El tramo de la avenida Dorchester que pasa por mi barrio tenía antaño más bares irlandeses que cualquier calle que no estuviera en el mismísimo Dublín. Cuando yo era más joven, mi padre solía participar en una maratón que consistía en ir de pub en pub con el fin de recaudar dinero para las sociedades benéficas de la zona. Se tomaban dos cervezas y un chupito en cada bar y se iban al siguiente. Solían empezar en Fields Corner, que es el barrio con el que limita, y recorrían la avenida en dirección norte. La idea consistía en comprobar quién sería capaz de seguir en pie y llegar a cruzar la frontera con South Boston, que se encontraba a poco más de tres kilómetros al norte.
Mi padre era un gran bebedor, al igual que los otros hombres que solían apuntarse a la maratón, pero mientras duró, nadie consiguió llegar al Southie.

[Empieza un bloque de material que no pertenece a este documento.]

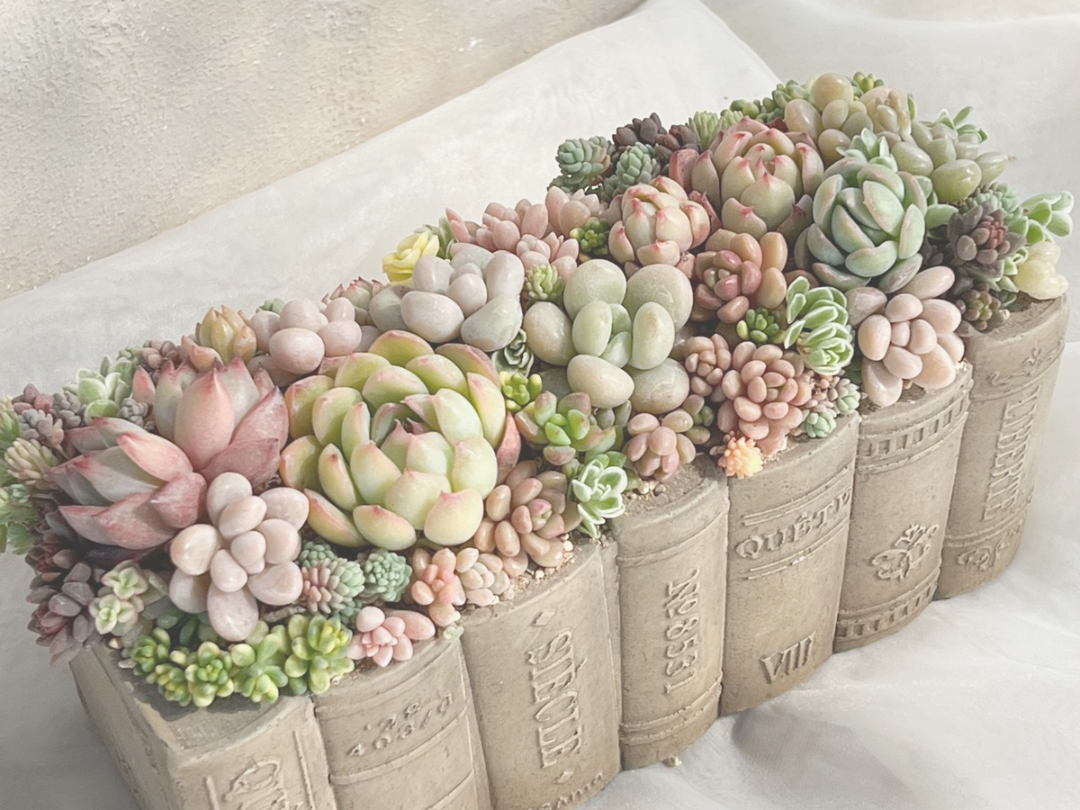 �F��`�̈قȂ鑽���A�����o�����X�悭�z�u�B �z�u�̍l���������b�X���Œ��J�ɂ��`�����܂��B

La mayoría de esos bares ya no existen, han sido reemplazados por restaurantes vietnamitas o tiendas de barrio. Conocido ahora por el Camino de Ho Chi Minh, las cuatro manzanas de este tramo de avenida son, de hecho, mucho más cautivadoras de lo que la mayoría de mis vecinos blancos creen. Si pasas en coche por allí a primera hora de la mañana, se suelen ver ancianos por la acera que guían a sus compañeros en el ejercicio del tai chi, gente que va vestida como en su país de origen: con pijamas de seda de color oscuro y amplios sombreros de paja. He oído hablar de las supuestas bandas, o tongs, que operan por esta zona, pero nunca las he visto; lo que suelo ver son jóvenes vietnamitas con el pelo de punta totalmente engominado y gafas de sol en forma de gárgola. Van por ahí con la intención de parecer tipos duros y enrollados, y la verdad es que no encuentro mucha diferencia entre ellos y lo que yo hacía a su edad.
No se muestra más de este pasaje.